TO DO
Look below for the line holding "hawaiian flower tattoo sleeves" and the line holding "Little Cousins chatting". Transcribe exactly those lines and all lines between them, nothing more.

RECORDS SUPPLIED
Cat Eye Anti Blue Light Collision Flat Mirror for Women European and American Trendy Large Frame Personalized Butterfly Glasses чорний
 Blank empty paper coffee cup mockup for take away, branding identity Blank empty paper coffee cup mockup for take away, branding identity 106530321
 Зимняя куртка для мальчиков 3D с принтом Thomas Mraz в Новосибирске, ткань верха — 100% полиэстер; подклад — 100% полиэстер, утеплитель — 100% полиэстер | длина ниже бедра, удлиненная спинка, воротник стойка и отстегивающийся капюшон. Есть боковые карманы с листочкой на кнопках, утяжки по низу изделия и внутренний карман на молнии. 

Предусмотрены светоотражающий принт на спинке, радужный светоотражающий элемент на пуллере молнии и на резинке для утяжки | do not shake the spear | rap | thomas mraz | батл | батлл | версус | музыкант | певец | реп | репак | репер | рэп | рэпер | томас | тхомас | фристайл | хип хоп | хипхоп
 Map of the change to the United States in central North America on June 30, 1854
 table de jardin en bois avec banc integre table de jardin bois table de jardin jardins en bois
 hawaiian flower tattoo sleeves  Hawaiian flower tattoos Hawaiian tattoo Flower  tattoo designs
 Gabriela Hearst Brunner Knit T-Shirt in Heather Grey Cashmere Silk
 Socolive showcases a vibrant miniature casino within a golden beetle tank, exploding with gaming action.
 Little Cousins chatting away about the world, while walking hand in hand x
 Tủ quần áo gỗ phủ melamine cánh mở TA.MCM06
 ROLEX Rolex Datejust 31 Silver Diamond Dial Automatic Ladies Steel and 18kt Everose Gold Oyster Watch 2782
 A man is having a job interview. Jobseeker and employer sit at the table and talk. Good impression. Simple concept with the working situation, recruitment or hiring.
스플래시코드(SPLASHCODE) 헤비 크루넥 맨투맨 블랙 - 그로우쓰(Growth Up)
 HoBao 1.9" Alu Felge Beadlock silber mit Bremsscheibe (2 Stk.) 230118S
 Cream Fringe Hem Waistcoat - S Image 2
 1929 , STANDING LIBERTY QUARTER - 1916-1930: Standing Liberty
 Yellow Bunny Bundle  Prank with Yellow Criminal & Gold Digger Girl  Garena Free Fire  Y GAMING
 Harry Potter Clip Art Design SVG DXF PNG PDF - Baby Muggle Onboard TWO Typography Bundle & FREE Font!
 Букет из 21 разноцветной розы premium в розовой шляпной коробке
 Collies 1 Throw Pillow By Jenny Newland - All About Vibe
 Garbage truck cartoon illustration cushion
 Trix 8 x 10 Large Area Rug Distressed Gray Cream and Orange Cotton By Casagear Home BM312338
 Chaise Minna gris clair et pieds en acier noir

TASK ANSWER
 hawaiian flower tattoo sleeves  Hawaiian flower tattoos Hawaiian tattoo Flower  tattoo designs
 Gabriela Hearst Brunner Knit T-Shirt in Heather Grey Cashmere Silk
 Socolive showcases a vibrant miniature casino within a golden beetle tank, exploding with gaming action.
 Little Cousins chatting away about the world, while walking hand in hand x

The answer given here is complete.